Oil markets are sliding again this morning after trading sideways yesterday. Inflation is now officially up to 9.1% year-over-year, which means higher prices for just about everything. As prices rise, consumers will have less residual income to spend on nonessentials like travel, causing fuel demand to decline. To curb inflation, the Federal Reserve will raise interest rates, making it more expensive to borrow money. Less borrowing means less demand for goods – which will help lower consumer prices but reduce business sales and economic growth.
The effects of inflation seem to be showing up in the diesel data. Yesterday the EIA reported the lowest weekly petroleum fuel demand level (18.7 million barrels per day, or MMbpd) since June 2021. Diesel demand fell to 3.5 MMbpd, compared to 4.0 MMbpd in Q3 last year. With demand falling, diesel days of supply (total fuel inventories divided by daily demand) appears to be improving, climbing from 26.9 days earlier this year to 30 days of supply this week.

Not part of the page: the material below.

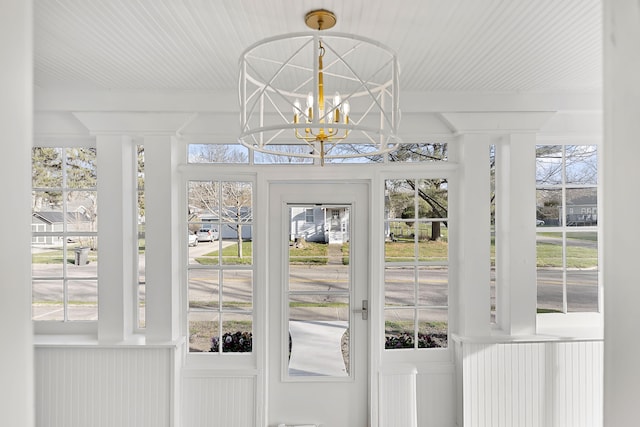 doorway featuring wooden ceiling and an inviting chandelier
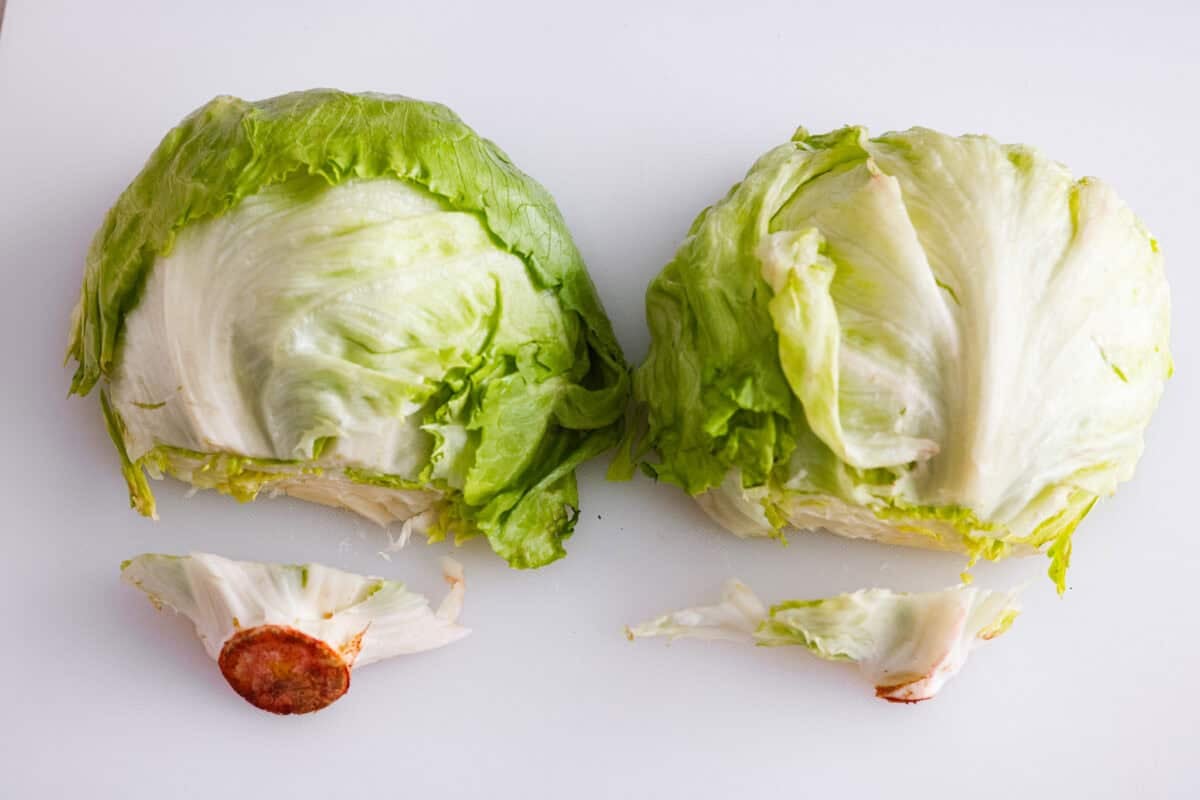 This classic wedge salad brings all the steakhouse vibes! Piled high with crispy bacon, fresh tomatoes, and a drizzle of creamy blue cheese dressing, it's a simple side that goes with just about anything. Ends of lettuce cut off.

Although days of supply has improved by 10%, inventories are still tight. Diesel inventories, though rising seasonally, are still well below the pre-COVID range. The US currently has 113 million barrels of diesel on hand – compared to a pre-COVID average of 140 million barrels.
What does this mean for fuel supply security and prices? Days of supply is a good indicator of the situation right now. Markets have cooled a bit thanks to inflation and weaker fuel demand. But if consumption returns to higher levels or productions falter, the equation can quickly turn ugly given low inventories. A hurricane that disrupts refining capacity or a cold winter spurring heavy diesel demand in the US and Europe could tilt the market back to an imbalance, bringing renewed price surges. Let’s hope the second half of 2022 will be less volatile than the past few years!